When I was fourteen, I was possibly the worst babysitter ever. [See Exhibit A ]
So I don't know what I was thinking when I agreed to take on a nine-to-five, five-days-per-week, ALL SUMMER LONG babysitting job. The job was a favor to my aunt, a newly single parent of two little boys--my cousins David and Danny--who were eight and six.
My responsibilities included making sure the kids had breakfast, something easy like cereal or Poptarts, and lunch (sandwiches?). I was to keep the kids entertained and safe until my aunt came home from work. For this, she paid me the astronomical sum of fifty bucks per week.
I am pretty sure that my aunt envisioned me putzing around her home, playing games with the kids or running around with them outside, watching carefully as they rode their bikes or played catch in the yard. I am pretty sure she did not envision me sitting in front of the TV all day and telling the kids to shut up so I would watch General Hospital in peace.
Not surprisingly, the kids were not on board with my vision. They weren't big General Hospital fans, for example. They demanded my attention. They chattered a lot. They threw tantrums. They made giant messes in the living room. They wanted me to, um, interact with them occasionally.
By the end of Week One I was worn out by this thing called "babysitting" and regretting that I'd signed on for the job.
And then I discovered the magic of Zimbabwe.
I am not sure exactly how the game began, but I imagine that one day after cleaning up the Poptart crumbs in the kitchen, I parked myself in front of the TV to begin the day's TV-watching and the kids, hyped up on Poptart, were jumping around on the couch and yelling, and I lost it.
If you lived in Zimbabwe, I told them, you'd be in jail for jumping on the couch and yelling like that.
This stopped them cold. Zimbabwe? they said.
It's a country in Africa, I said. (I should mention here that I have no idea why the word Zimbabwe popped into my head. I knew absolutely nothing about the country except for the name, which sounded exotic and vaguely like a dictatorship to my ditzy 14 year old self.)
In Zimbabwe, I said to my little cousins, they have very strict laws and harsh punishments for those who disobey.
They were intrigued--and skeptical. That is not a real place, they said.
Oh, yes. It is, I told them. Go upstairs and get the globe from your room.
What are the laws in Zimbabwe? they wanted to know.
Well, I said, besides jumping on the couch and yelling, which will get you two years in jail, there's also a law about making any noise when someone is trying to watch General Hospital. That will get you four years.
And so it went on from there, day after day, me--during TV commercials--spinning out rules about cleaning up Poptart crumbs and picking up toys and making your own sandwiches and sitting quietly during The Price is Right. The punishments were harsh in Zimbabwe. Dungeon-like jail conditions for the most minor infractions.
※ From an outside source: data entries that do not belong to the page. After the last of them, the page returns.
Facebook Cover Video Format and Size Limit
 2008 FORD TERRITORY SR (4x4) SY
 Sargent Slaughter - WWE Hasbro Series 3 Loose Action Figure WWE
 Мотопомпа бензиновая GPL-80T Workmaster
Danny, the six year old, was enthralled by my stories, but David, the eight year old, peppered me endlessly with questions. Catching me out on inconsistencies and grilling me about the finer points of the Zimbabwean justice system. Did the country have courts? An extensive police force? Who was tallying up all of these law-breakings? How could all of the poor Zimbabwean people keep up with every rule? Was it written down somewhere? And anyway, he said, triumphantly, one day, WHO CARES ABOUT THE LAWS IN ZIMBABWE? WE DON'T LIVE IN ZIMBABWE!
It was over, and I knew it. My uninterrupted watching-of-General-Hospital-time was coming to an end.
the doorbell rang. The three of us peered out the window. It was two official-looking men, dressed in suits and ties, holding clipboards. I shushed the kids and opened the door. Something something about a survey, the men said, and I did the thing you're supposed to do when you are fourteen and a girl and you are alone in a house with an eight year old and a six year old. I told them my parents were upstairs sleeping.
The men left. I closed the door.
The kids looked at me expectantly. Who was that? they said.
I lowered my voice. People, I said... from Zimbabwe.
That night my aunt called my mother. They spoke for a few minutes and then my mother handed the phone to me.
What the hell is going on, Jody? my aunt said. My kids are afraid to go to sleep. They're telling me something about people from Zimbabwe?
Oh. That, I said. Well...
There is a moral to this story but I don't know what it is. That I had no real knowledge of the countries of the world? That I could spin a story? That I could manipulate people by my words? That I could scare the crap out of kids? That I had no business being in charge of young children?
You be the judge.
But in Zimbabwe, they'd give me three years in prison for my crimes.